Certified Collectibles Group (CCG) filed a lawsuit on Wednesday, August 8, charging international technology firm Globant S.A., along with its subsidiary Globant LLC, with a fraudulent scheme to cover up incompetent work on a failed software implementation project.
CCG comprises seven affiliated companies that provide expert and impartial services for collectors of coins, paper money, comic books, stamps, and other collectibles. The companies have certified nearly 55 million collectibles since 1987 and employ nearly 350 people globally, including more than 265 at their headquarters in Sarasota, Florida.

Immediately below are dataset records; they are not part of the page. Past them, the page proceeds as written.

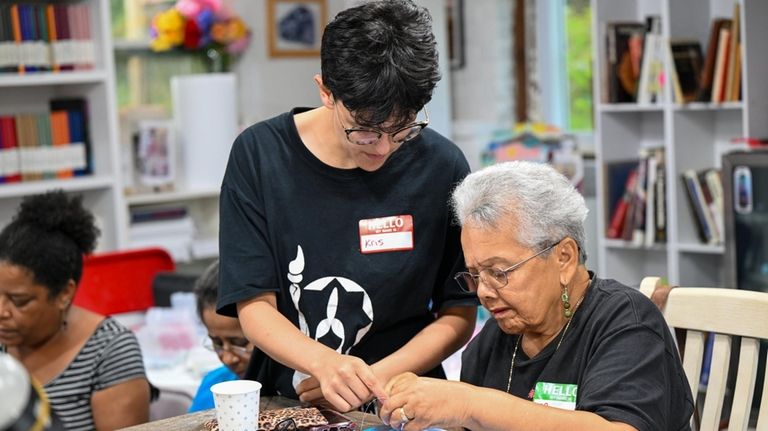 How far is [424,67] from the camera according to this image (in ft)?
5.80

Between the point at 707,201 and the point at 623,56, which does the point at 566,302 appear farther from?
the point at 623,56

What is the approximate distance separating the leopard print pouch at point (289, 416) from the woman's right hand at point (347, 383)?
0.14 feet

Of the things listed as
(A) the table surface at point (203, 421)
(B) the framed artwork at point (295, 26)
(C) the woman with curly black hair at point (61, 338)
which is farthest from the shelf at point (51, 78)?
(A) the table surface at point (203, 421)

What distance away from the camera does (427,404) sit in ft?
5.24

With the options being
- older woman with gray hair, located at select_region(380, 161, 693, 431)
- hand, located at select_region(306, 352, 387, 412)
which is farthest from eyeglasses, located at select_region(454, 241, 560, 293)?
hand, located at select_region(306, 352, 387, 412)

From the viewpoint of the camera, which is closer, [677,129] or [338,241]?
[338,241]

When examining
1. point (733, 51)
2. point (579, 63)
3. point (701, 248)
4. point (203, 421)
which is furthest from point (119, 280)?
point (579, 63)

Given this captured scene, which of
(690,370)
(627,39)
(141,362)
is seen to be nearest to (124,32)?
(627,39)

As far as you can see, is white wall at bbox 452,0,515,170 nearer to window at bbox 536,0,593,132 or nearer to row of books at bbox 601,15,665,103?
window at bbox 536,0,593,132

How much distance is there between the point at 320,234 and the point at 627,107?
3.11 meters

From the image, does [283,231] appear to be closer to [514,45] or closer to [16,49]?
[16,49]

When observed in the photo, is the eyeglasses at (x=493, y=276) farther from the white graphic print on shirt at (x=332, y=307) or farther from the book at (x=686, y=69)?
the book at (x=686, y=69)

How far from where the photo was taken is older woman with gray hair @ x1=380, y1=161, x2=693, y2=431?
1579 millimetres

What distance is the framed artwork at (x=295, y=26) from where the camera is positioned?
5.85 m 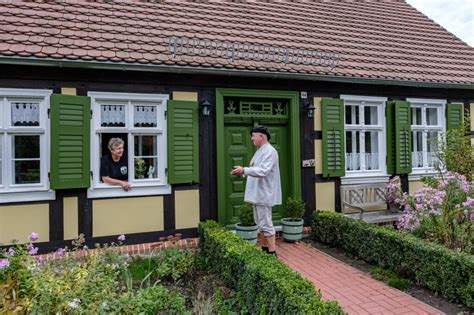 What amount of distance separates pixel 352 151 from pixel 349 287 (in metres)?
3.48

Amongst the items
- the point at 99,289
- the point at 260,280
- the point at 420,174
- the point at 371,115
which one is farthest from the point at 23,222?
the point at 420,174

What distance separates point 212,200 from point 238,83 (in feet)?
6.97

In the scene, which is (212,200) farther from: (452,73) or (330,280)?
(452,73)

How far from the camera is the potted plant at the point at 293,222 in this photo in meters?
6.27

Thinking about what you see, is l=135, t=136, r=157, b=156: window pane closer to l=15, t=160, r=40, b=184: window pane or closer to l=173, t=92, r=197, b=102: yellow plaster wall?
l=173, t=92, r=197, b=102: yellow plaster wall

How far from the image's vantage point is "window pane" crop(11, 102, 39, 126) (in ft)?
17.4

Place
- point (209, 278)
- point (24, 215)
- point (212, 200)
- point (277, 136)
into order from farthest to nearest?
1. point (277, 136)
2. point (212, 200)
3. point (24, 215)
4. point (209, 278)

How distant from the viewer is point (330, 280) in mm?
4809

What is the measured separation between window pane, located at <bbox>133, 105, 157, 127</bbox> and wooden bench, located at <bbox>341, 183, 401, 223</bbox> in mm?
3835

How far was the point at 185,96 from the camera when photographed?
612 centimetres

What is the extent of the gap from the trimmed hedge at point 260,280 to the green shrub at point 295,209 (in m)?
1.64

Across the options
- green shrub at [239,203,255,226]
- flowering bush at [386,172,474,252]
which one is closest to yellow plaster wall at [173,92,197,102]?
green shrub at [239,203,255,226]

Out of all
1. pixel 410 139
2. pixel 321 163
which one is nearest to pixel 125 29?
pixel 321 163

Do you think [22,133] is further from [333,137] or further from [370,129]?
[370,129]
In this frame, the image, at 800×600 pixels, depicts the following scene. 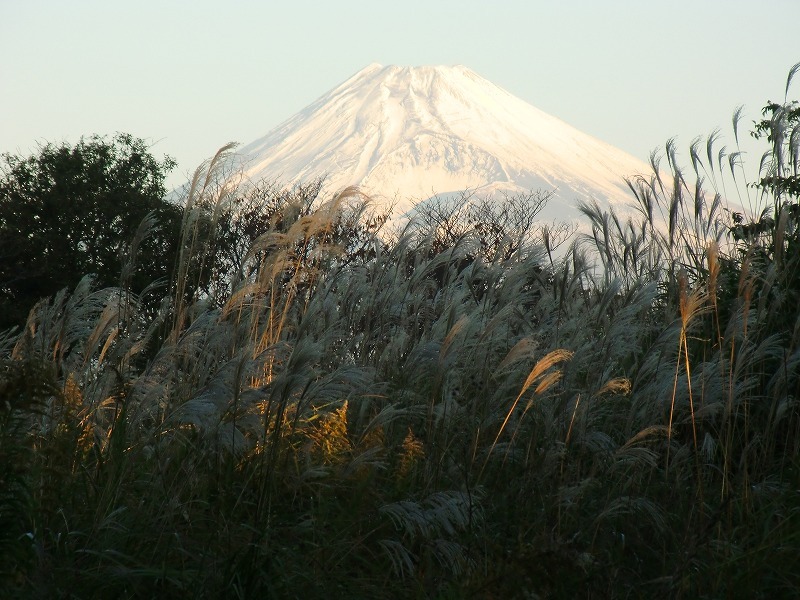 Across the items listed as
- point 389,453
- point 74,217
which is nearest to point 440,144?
point 74,217

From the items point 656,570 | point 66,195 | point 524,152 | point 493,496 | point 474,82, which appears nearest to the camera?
point 656,570

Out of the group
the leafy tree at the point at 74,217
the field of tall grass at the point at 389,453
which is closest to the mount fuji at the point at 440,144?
the leafy tree at the point at 74,217

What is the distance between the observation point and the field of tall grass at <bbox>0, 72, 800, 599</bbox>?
300 cm

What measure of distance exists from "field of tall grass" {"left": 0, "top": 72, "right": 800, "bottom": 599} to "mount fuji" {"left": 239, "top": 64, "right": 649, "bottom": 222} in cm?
10489

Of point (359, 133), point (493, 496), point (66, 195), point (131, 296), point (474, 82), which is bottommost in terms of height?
point (493, 496)

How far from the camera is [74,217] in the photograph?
24578 millimetres

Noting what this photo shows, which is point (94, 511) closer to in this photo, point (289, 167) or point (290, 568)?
point (290, 568)

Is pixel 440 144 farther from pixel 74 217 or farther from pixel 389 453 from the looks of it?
pixel 389 453

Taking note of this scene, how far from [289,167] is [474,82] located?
2219 inches

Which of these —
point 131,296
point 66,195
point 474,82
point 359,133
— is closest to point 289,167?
point 359,133

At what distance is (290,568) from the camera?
3098 millimetres

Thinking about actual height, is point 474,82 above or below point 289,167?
above

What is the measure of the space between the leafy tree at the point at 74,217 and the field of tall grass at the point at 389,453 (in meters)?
17.4

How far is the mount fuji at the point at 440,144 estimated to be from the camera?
414 feet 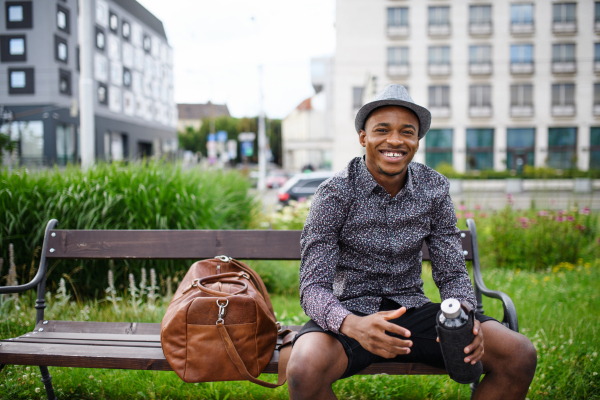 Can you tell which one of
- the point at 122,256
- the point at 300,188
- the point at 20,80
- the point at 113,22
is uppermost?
the point at 113,22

In 2016, CCG hired a consulting firm, which Globant acquired the following year, to implement a new enterprise resource planning (ERP) software system. The ERP system was intended to run the CCG companies’ core operations.
The lawsuit, filed in federal court in Tampa, states that after taking over the project, Globant agreed to complete it by a firm deadline and for a fixed price. CCG alleges that Globant gave repeated false assurances that the project was on track, even though the ERP system was defectively designed and nowhere close to completion. These assurances allowed Globant to fraudulently collect millions of dollars in additional fees from CCG.
According to the lawsuit, only after it obtained the last payment from CCG did Globant admit that it needed to perform basic design work, requiring that the project essentially start over. Ignoring its contractual obligation to complete the project for a fixed price by October 2019, Globant demanded another $5 million and told CCG the ERP system would not be ready for almost another two years. That demand came after Globant, and the firm it acquired, had already worked on the project for more than three years and collected nearly $5 million in fees. During that time, Globant had produced nothing of value.
In the lawsuit, CCG is seeking to recover tens of millions of dollars in damages caused by Globant’s misconduct.
“Globant agreed to complete our ERP project for a fixed fee by a firm deadline, but once the payments stopped Globant informed us that they would not complete the scope of work unless we paid an additional $5 million,” stated CCG’s Chief Executive Officer, Steven R. Eichenbaum. “After this … demand from one of Globant’s most senior executives, it later became clear that very little work was completed despite Globant’s repeated assurances that the project was on track.”
“We intend to pursue our claims aggressively to hold Globant accountable,” he added.
Certified Collectibles Group is represented by Mark P. Ressler, R. Tali Epstein and Maria Ruiz of Kasowitz Benson Torres LLP, a national law firm with one of the country’s leading software litigation practices.